Week 2 | 3D Design and Art Direction Part 1 – Modeling Hero Content

Now that we’ve got our workspaces set up and a grasp on some basic fundamental principles, it’s time to get designing. In any motion graphics project, one of the first things you’ll want to do is create a set of strong visual targets: styleframes. | Introduction to subdivision surface modelling | Using C4D deformers to aid the modelling process | Points, edges, polygons, topology | Camera selection for the right shot feel

Week 3 | 3D Design and Art Direction Part 2

Once we’ve modeled our main assets and setup up a rough composition for the scene, we’ll continue to set up shaders, lighting and render settings. For your render to really pop, you need all four (geometry, shading, lighting, rendering)of these components to work in harmony. | Introduction to texturing principles in C4D/Octane (theory applicable to any render engine) | Texture mapping and setting up shaders | Introduction to lighting and mood | Setting up render passes

Week 4 | 2D Design and Art Direction

Now that we’ve modeled, textured, lit, and rendered our scenes, it’s time to take those render passes into After Effects and give them some compositing love. We’ll also build up a library of vector assets in Adobe Illustrator and use them to populate our scenes with some 2D graphics. Throughout this process we will solidify our concept/narrative by finessing our designs and lay a solid foundation for when we transition into the production phase and begin animating our scenes.

Week 5 | 3D Animation

With our visual targets set, it’s time to jump back into C4D and animate our scenes. In this session we’ll go deep into C4D’s animation timeline and cover techniques from tweaking your f-curves to baking animation to render over a network. We’ll also explore how to use C4D’s deformers and mograph modules to bring your models to life. | Creating animatics for timing | Rigging your setups for animation | Animation using falloff | Animation using vertex maps | Camera animation | Tweaking those curves for dynamic animation

Week 6 | Rendering

Rendering is a hot topic right now filled with much debate. GPU vs CPU rendering? Which machine should I buy (Mac vs PC)? This week Nik will share his thoughts and experiences on GPU vs CPU rendering as well as the hardware he’s built to optimize his workflow.

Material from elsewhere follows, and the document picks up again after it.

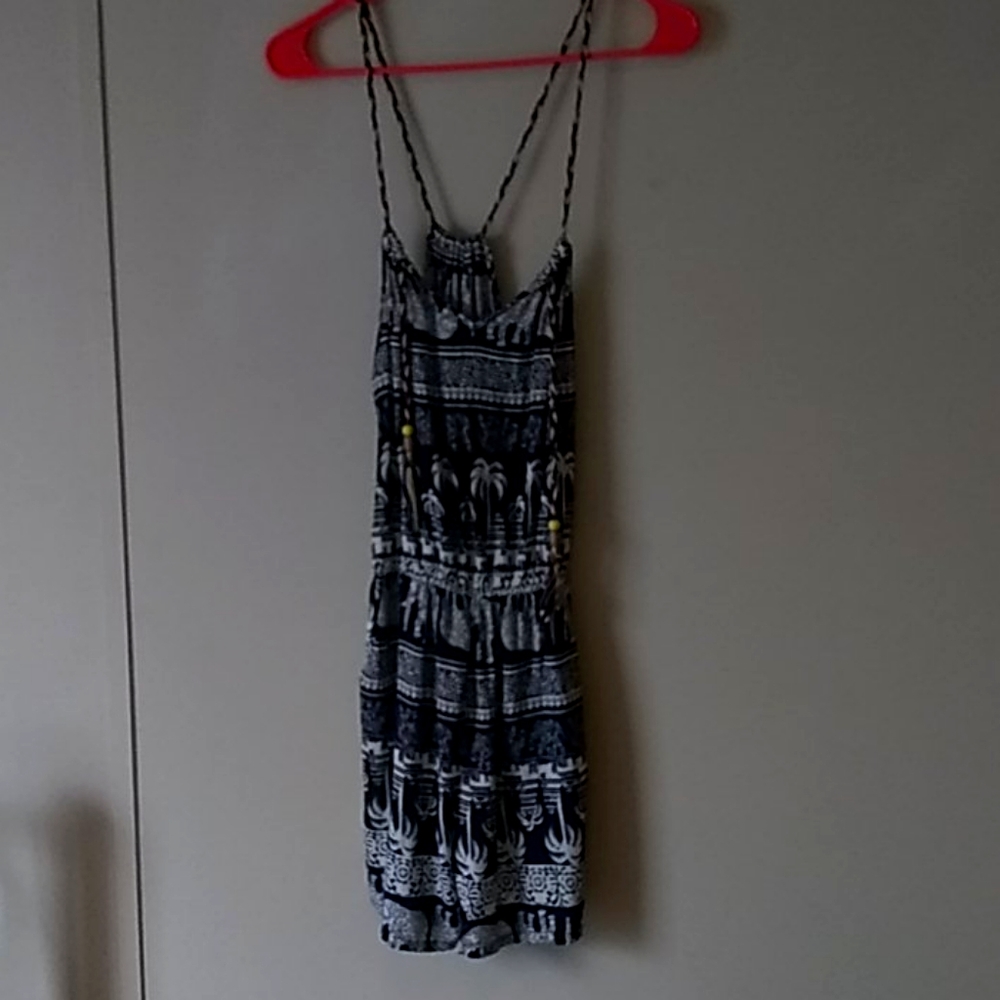 A Navy romper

We’ll also go through rendering our scenes using a popular GPU renderer –Octane—and will also take a brief look into rendering the same scenes with C4D’s standard render and Arnold render, exploring the benefits each render engine has to offer.

Week 7 | 2D Animation

This week, we’ll take our vector graphics that we designed in week 4, pull them into After Effects, and start animating them. This session will include rebuilding assets as shape layers for optimal file size and efficiency and creating transitional elements to populate our sequences. We’ll go deeper into the After Effects timeline and explore keyframe interpolation and f-curves.

Week 8 | Compositing Sequence

In this final week we’ll bring it all together. We’ll take our renders from C4D and our animated vector graphics and pull everything into a fully formed motion graphics sequence inside of After Effects. Adding little flourishes throughout, from speed ramps to trimming frames off our edit and adding a final grade. This is the final chance to take your sequences to the next level and get it ready for sound design.